Другую колыбельную пела своему ребёнку итальянка, и песня её звенела «жгучей зрелой радостью, и хвалой
Неслучайно такими разными были две колыбельные: каждая из них была напитана соками своей родины.
«В песне чужого края славилась легко и улыбчиво великая заботливая жизнь, тёплая милая земля, возлюбленная света, славилась материнская участь, родная счастью. Пела женщина о полях, на которых почиет ласка лета, о морях, на которых её братья, загорелые моряки, правят гордые пути. О блаженстве жизни ликовала песня. О чём же было петь матери в стране, которую особенно дарит солнце, где века веков с исключительной любовью изо дня в день дышит солнечное богатство…»
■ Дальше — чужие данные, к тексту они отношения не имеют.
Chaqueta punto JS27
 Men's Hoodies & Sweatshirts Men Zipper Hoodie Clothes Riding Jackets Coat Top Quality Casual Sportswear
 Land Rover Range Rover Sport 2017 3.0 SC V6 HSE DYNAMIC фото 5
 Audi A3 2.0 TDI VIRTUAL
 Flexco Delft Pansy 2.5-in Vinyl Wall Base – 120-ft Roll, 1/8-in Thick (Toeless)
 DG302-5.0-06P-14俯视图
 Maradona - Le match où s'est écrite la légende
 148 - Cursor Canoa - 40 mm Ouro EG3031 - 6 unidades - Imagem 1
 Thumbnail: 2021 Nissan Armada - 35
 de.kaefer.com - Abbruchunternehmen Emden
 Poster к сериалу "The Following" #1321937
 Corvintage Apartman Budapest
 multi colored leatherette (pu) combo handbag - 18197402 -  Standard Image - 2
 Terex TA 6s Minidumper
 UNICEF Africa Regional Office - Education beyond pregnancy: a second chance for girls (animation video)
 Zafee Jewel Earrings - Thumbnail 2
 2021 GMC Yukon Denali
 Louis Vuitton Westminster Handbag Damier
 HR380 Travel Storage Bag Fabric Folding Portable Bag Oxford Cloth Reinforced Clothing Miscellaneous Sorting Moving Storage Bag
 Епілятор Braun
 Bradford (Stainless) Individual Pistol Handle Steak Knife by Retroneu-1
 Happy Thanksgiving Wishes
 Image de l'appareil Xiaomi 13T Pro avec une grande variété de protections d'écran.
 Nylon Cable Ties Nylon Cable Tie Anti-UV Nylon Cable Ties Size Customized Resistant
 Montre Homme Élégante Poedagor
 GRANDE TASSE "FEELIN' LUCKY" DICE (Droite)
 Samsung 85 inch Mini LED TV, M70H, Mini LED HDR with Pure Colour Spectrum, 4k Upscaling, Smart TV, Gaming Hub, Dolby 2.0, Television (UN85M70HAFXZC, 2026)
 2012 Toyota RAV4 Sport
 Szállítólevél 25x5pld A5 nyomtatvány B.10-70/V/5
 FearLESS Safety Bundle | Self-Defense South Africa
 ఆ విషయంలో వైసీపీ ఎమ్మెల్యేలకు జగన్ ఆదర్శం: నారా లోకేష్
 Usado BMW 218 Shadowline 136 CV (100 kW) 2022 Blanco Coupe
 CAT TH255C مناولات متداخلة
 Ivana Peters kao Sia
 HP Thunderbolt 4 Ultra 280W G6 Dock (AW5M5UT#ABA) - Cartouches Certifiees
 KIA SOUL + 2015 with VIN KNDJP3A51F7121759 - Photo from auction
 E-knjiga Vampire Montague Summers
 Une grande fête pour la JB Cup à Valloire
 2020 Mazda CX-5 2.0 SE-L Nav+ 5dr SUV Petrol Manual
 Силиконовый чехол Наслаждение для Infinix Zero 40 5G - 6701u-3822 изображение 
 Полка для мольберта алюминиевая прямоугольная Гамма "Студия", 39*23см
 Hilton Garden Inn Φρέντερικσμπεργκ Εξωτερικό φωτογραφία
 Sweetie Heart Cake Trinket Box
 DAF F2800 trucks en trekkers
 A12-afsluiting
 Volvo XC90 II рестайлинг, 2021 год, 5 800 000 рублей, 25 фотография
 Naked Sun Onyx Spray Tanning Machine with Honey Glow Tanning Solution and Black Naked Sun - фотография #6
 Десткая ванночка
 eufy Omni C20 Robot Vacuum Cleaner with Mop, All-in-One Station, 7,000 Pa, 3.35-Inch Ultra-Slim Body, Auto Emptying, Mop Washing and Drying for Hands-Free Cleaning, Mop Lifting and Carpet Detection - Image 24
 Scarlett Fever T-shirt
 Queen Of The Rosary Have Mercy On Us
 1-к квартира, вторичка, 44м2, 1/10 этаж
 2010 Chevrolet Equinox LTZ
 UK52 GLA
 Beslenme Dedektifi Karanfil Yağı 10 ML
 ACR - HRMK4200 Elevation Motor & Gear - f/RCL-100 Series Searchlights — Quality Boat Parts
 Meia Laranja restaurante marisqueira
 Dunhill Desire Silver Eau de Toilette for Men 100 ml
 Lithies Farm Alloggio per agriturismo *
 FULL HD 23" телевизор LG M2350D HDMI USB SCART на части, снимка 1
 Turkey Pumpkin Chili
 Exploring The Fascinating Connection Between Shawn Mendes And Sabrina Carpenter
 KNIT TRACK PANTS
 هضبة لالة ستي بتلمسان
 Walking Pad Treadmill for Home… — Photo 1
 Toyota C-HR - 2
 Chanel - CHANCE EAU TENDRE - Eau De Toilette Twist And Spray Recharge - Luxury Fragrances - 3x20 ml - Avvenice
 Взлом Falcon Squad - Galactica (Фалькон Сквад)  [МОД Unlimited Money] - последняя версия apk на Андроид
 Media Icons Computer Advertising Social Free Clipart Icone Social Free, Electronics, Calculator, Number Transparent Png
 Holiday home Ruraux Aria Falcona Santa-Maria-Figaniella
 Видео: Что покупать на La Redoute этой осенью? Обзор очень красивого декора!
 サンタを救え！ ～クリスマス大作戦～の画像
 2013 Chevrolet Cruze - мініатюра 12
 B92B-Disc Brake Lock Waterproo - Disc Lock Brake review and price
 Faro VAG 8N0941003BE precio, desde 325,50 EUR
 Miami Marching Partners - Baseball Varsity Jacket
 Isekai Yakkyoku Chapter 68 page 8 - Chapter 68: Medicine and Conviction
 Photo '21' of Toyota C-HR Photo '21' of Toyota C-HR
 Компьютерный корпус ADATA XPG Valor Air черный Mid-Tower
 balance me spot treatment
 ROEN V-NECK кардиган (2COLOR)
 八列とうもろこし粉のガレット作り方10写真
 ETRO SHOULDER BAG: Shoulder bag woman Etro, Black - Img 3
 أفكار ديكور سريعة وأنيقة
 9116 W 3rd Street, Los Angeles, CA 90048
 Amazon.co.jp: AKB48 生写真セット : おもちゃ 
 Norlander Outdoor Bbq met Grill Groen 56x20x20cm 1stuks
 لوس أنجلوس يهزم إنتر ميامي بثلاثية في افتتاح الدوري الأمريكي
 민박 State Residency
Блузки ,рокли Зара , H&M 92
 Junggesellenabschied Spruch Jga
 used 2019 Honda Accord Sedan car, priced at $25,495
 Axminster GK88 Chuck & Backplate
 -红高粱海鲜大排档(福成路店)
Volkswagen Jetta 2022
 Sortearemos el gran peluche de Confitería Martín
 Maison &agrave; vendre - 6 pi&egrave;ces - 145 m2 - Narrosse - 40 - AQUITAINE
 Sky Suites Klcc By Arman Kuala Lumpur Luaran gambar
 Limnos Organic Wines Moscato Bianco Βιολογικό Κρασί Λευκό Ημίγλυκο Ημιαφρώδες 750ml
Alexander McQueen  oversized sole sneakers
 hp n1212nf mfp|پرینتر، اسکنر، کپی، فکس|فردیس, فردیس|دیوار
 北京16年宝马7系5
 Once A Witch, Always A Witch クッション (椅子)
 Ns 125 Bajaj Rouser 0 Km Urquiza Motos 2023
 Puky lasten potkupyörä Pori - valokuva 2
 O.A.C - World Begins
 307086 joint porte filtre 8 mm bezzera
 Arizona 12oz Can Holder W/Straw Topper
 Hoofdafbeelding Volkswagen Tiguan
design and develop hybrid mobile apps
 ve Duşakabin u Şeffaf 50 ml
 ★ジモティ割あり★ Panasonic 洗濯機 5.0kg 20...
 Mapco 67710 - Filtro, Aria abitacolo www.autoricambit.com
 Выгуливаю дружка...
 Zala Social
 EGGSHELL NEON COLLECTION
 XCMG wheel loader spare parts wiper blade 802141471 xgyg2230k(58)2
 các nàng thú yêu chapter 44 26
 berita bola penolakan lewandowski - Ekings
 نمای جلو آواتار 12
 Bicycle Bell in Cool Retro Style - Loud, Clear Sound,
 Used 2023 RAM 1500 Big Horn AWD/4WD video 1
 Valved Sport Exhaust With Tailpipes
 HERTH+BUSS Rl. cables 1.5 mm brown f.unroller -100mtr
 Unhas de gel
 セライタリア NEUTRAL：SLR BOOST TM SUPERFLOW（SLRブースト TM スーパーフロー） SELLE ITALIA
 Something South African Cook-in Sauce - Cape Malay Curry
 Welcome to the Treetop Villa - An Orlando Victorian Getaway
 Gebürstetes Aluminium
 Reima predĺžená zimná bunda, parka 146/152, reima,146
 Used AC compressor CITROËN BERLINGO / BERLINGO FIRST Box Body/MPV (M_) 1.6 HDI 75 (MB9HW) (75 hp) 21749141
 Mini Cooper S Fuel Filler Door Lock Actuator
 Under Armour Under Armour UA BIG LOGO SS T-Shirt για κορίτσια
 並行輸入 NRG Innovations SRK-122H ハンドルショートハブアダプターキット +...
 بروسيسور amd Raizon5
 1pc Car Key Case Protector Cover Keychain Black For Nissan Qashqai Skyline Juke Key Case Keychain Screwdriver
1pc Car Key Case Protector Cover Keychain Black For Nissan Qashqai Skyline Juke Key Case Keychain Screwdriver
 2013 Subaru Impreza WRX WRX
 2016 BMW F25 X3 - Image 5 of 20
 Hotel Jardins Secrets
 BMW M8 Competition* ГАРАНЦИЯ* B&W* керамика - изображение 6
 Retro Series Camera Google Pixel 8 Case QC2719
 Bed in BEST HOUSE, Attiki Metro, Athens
Русская же песня, по мысли рассказчика, несёт в себе всю печаль своей отчизны, в ней трепещет «пленная удаль, охмелённая неоглядными пирами и скованная кандалами». В ней «мятежно растут степные зовы, алеют молодые зори, но горькое бессилие обнимает её, душит».
Рассказчик не может справиться с навеянным колыбельной песней ощущением горя — своего и своей родины.
«„Господи, Господи, бедный я, бедная Россия… Одна скорбь, один стон…“ — молились уста. Замер Сергей так до утра…
Укоризненно глядела в окно седая схимница-ночь, и, как её тёмный, суровый взор, было всё вокруг чухло и горестно. Росла тяжким сводом жёсткая тишина. Плакал этой ночью Сергей. Над целым миром плакал, над собой, над родиной, над матерью за стеною…»
Извечная боль загадочной русской души. «Люблю отчизну я, но странною любовью…»
Гоголь, Лермонтов, Некрасов, Достоевский… Блок. Бердяев. Есенин. Нельзя русскому писателю без муки. Никак нельзя. Иначе — не русский. Иначе — не писатель.
В каждой строчке миниатюры «Две песни» — глубокая, неподдельная тоска лирического героя и самого автора по далёкой родине, щемящая любовь к ней — «нищей, серой, согбенной, заплаканной», но всё равно родной, милой, манящей.
Говоря о художественных особенностях этого произведения, стоит отметить богатство языка, обилие красочных сравнений, эпитетов и метафор. «Незаметно тихо, как закатный ветерок, влюбленный в ночную сирень, родилась песня. И, как ветерок цветолюбивый, повеяла сладкой и грустной лаской чего-то небывало-доброго. Задышала сразу тем, что вечно грезится, что неуёмно желанно и — что несбыточно. Далёкая-далёкая и близкая, как тревожный ропот сердца, песня».
В каждом слове — огромная жажда писательства молодого автора, которому (вот оно, счастье!) позволено творить. Позволено самим Горьким! И — что, может быть, пока не совсем ясно осознаётся — позволено свыше.
Как уже было отмечено, влияние Горького просматривается в произведении довольно явно, и автор ничуть этого не скрывает. Очевидно, заворожённый в своё время ранними романтическими рассказами своего литературного кумира, он был уверен, что нельзя скупиться ни на чувства, ни на слова. Иначе какая же это литература? Кстати, в отличие от Горького Алексей Новиков, присовокупивший к своей фамилии именно там, на Капри, звучное и яркое дополнение «Прибой», останется истинным и истовым романтиком навсегда, до самых своих последних дней.
Когда уже Новиков-Прибой был любимым и одним из самых читаемых авторов в Советском Союзе, А. Золотарёв, вспоминая Капри, писал: «И если этому русскому писателю, выпестованному морем-океаном, японские острова подарили главную, увековечившую его литературное имя тему — тему Цусимы, если Британские острова сделали его талант выразительным и могучим, то изящно-скульптурному островочку Средиземноморья Силыч обязан победой над формой, лёгкостью и гибкостью своего стиля».